### WORK REQUIRED
The expected answer is the data below, printed verbatim without its pictures.

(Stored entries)
+ + +
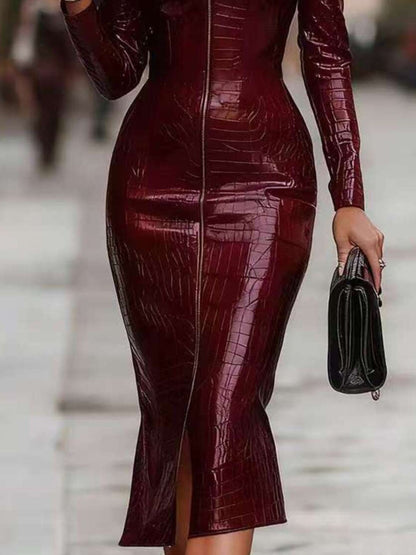 Full Size Crocodile Embossed Zipper Front Bodycon Midi Dress Plus Size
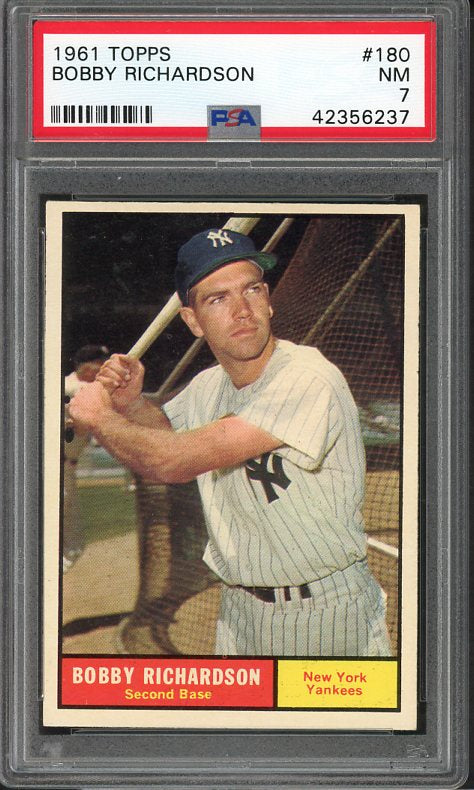 1961 Topps Baseball #180 Bobby Richardson Yankees PSA 7 NM 538221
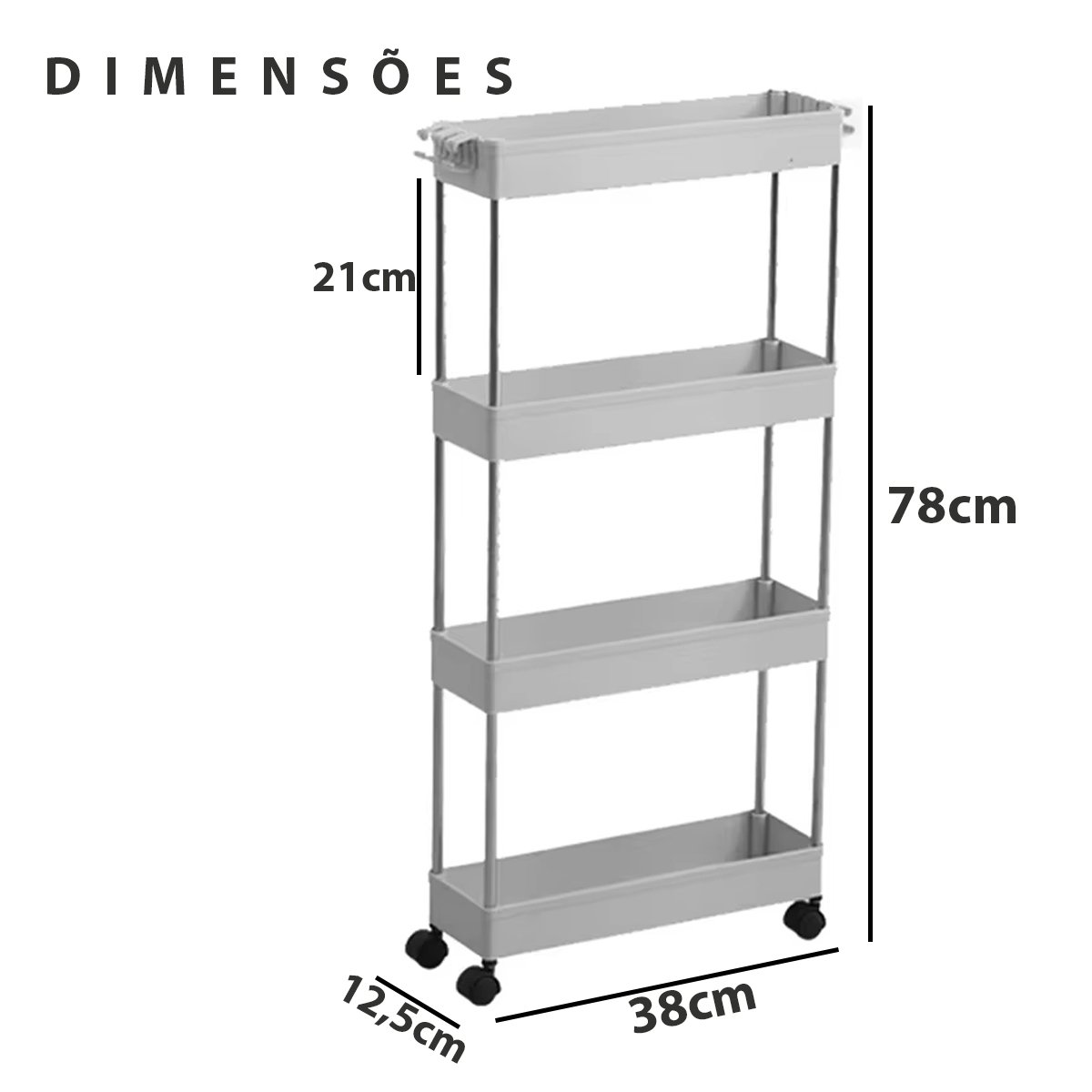 Carrinho Organizador Prateleiras Cozinha Banheiro Quarto Lavanderia 4 Andares Multiuso Organizaçao P - 3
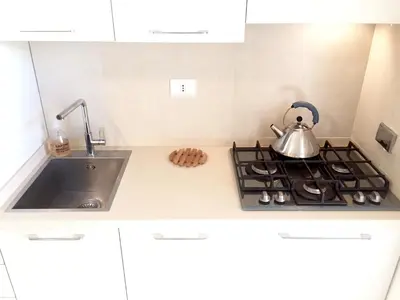 a kitchen with a sink and a stove with a tea kettle at Studio Flat Vaticano in Rome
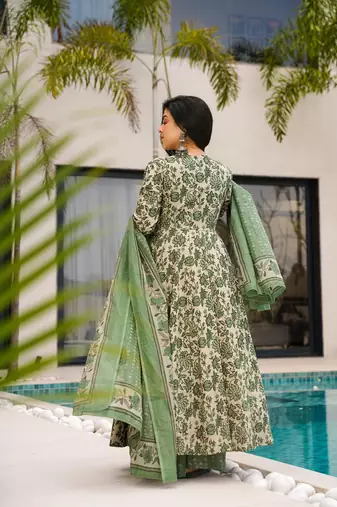 Pista color mal cotton partywear long suit for graceful looks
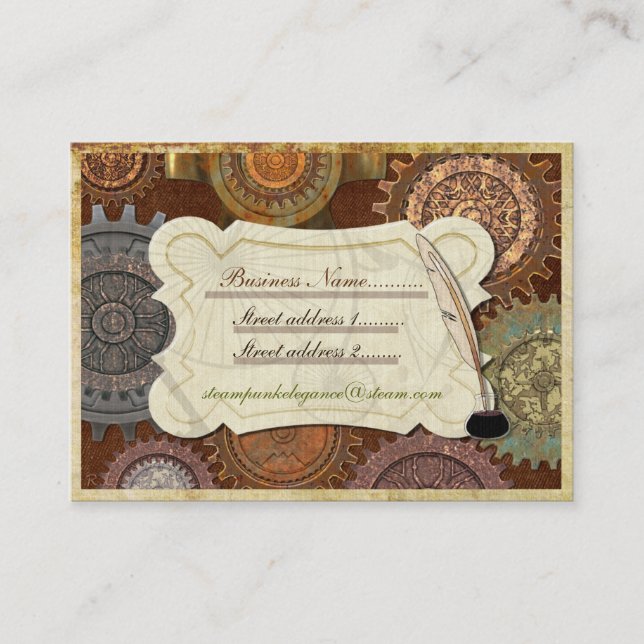Steam Elegance ANTIQUE COSTUME RE-INACT Business Card (Front)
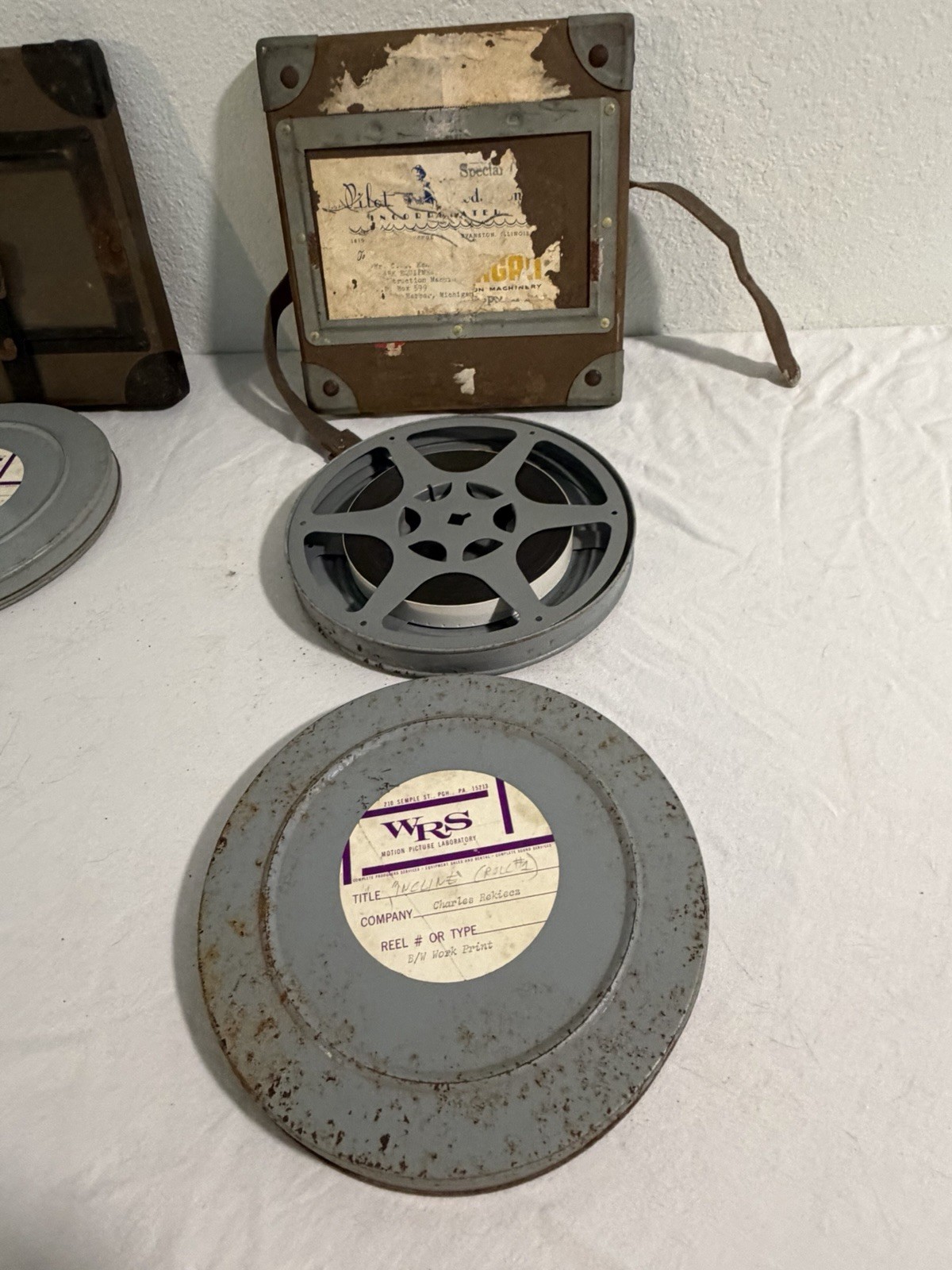3 Vintage Film Reel Shipping Box Mid Century 16mm Fiberboard Strap W/ 3 Reels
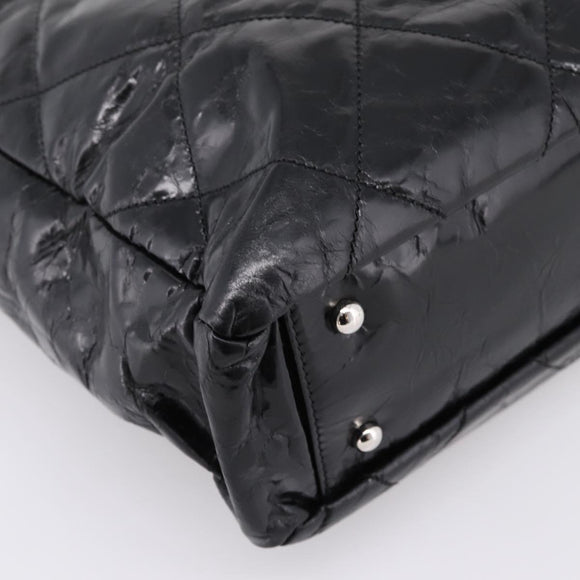 CHANEL Matelasse Hand Bag Calf Skin 2way Black Silver CC Auth 203070M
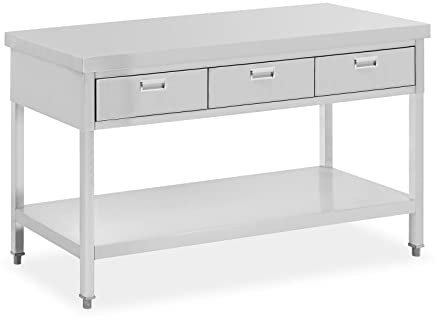 Royal Catering Edelstahltisch mit 3 Schubladen 150 x 60 cm 400 kg Edelstahl Arbeitstisch mit Grundboden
+ + +
### THE COMPLETED TASK
 Full Size Crocodile Embossed Zipper Front Bodycon Midi Dress Plus Size
 1961 Topps Baseball #180 Bobby Richardson Yankees PSA 7 NM 538221
 Carrinho Organizador Prateleiras Cozinha Banheiro Quarto Lavanderia 4 Andares Multiuso Organizaçao P - 3
 a kitchen with a sink and a stove with a tea kettle at Studio Flat Vaticano in Rome
 Pista color mal cotton partywear long suit for graceful looks
Steam Elegance ANTIQUE COSTUME RE-INACT Business Card (Front)
3 Vintage Film Reel Shipping Box Mid Century 16mm Fiberboard Strap W/ 3 Reels
 CHANEL Matelasse Hand Bag Calf Skin 2way Black Silver CC Auth 203070M
 Royal Catering Edelstahltisch mit 3 Schubladen 150 x 60 cm 400 kg Edelstahl Arbeitstisch mit Grundboden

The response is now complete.